::: Records to use :::

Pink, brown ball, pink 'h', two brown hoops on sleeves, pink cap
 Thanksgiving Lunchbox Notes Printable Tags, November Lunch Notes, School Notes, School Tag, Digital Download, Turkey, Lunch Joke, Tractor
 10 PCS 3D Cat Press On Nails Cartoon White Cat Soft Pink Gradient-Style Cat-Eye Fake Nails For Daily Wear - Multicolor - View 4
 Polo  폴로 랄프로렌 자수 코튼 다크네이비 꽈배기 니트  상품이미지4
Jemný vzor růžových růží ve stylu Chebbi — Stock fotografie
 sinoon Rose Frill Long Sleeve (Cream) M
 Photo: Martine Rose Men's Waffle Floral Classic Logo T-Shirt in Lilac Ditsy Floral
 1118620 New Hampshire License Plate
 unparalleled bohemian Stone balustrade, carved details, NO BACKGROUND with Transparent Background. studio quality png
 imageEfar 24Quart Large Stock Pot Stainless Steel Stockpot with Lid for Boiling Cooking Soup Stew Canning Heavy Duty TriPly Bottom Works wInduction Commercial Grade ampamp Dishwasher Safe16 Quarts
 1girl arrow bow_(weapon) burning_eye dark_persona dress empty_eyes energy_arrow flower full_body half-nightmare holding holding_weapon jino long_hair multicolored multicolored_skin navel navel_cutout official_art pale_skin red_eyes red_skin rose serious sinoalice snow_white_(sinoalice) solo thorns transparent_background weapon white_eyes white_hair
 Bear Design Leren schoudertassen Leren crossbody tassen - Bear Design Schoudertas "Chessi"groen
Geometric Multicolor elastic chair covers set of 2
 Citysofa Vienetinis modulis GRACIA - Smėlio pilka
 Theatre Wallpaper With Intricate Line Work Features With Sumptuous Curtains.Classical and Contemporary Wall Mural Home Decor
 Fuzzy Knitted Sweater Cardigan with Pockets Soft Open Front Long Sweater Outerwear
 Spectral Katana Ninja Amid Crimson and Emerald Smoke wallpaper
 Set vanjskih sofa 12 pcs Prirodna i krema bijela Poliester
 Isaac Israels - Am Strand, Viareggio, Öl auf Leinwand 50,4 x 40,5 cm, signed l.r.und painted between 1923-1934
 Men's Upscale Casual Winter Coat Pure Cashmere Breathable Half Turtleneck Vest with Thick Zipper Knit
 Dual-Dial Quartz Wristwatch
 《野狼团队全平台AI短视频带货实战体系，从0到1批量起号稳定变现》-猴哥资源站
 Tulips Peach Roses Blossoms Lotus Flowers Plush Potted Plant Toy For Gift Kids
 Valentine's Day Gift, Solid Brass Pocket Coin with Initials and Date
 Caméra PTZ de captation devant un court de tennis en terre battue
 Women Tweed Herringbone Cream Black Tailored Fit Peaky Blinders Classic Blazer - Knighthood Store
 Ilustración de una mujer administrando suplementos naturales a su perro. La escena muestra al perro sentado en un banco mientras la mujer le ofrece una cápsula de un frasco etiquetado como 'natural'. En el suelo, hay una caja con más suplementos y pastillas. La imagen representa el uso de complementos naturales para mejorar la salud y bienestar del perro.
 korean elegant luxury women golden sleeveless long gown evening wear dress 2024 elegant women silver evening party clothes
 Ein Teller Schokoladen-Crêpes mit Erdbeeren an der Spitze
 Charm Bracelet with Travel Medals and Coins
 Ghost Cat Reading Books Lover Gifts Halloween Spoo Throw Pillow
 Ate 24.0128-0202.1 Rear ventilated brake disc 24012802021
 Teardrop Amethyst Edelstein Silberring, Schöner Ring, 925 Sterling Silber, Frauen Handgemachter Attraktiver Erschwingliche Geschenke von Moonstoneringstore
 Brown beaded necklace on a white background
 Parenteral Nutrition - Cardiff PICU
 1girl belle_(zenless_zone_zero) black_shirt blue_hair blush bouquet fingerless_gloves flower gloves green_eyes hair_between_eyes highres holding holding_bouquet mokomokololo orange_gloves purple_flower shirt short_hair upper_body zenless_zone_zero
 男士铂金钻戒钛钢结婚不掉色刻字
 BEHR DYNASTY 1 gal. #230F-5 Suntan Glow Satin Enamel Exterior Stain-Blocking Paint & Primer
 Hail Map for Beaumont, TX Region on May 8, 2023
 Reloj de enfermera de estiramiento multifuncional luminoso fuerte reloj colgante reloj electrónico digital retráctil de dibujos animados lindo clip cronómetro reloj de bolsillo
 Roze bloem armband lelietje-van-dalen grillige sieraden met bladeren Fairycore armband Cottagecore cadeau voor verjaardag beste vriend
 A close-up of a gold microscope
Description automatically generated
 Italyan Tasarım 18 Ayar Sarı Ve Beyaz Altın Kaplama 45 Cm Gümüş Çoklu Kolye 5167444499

:::

• **Your assignment**
Looking at the entries above, can you reproduce exactly the lines from the one that holds "Women Tweed Herringbone" through the one that holds "Reloj de enfermera", and only those?

• **Completed task**
 Women Tweed Herringbone Cream Black Tailored Fit Peaky Blinders Classic Blazer - Knighthood Store
 Ilustración de una mujer administrando suplementos naturales a su perro. La escena muestra al perro sentado en un banco mientras la mujer le ofrece una cápsula de un frasco etiquetado como 'natural'. En el suelo, hay una caja con más suplementos y pastillas. La imagen representa el uso de complementos naturales para mejorar la salud y bienestar del perro.
 korean elegant luxury women golden sleeveless long gown evening wear dress 2024 elegant women silver evening party clothes
 Ein Teller Schokoladen-Crêpes mit Erdbeeren an der Spitze
 Charm Bracelet with Travel Medals and Coins
 Ghost Cat Reading Books Lover Gifts Halloween Spoo Throw Pillow
 Ate 24.0128-0202.1 Rear ventilated brake disc 24012802021
 Teardrop Amethyst Edelstein Silberring, Schöner Ring, 925 Sterling Silber, Frauen Handgemachter Attraktiver Erschwingliche Geschenke von Moonstoneringstore
 Brown beaded necklace on a white background
 Parenteral Nutrition - Cardiff PICU
 1girl belle_(zenless_zone_zero) black_shirt blue_hair blush bouquet fingerless_gloves flower gloves green_eyes hair_between_eyes highres holding holding_bouquet mokomokololo orange_gloves purple_flower shirt short_hair upper_body zenless_zone_zero
 男士铂金钻戒钛钢结婚不掉色刻字
 BEHR DYNASTY 1 gal. #230F-5 Suntan Glow Satin Enamel Exterior Stain-Blocking Paint & Primer
 Hail Map for Beaumont, TX Region on May 8, 2023
 Reloj de enfermera de estiramiento multifuncional luminoso fuerte reloj colgante reloj electrónico digital retráctil de dibujos animados lindo clip cronómetro reloj de bolsillo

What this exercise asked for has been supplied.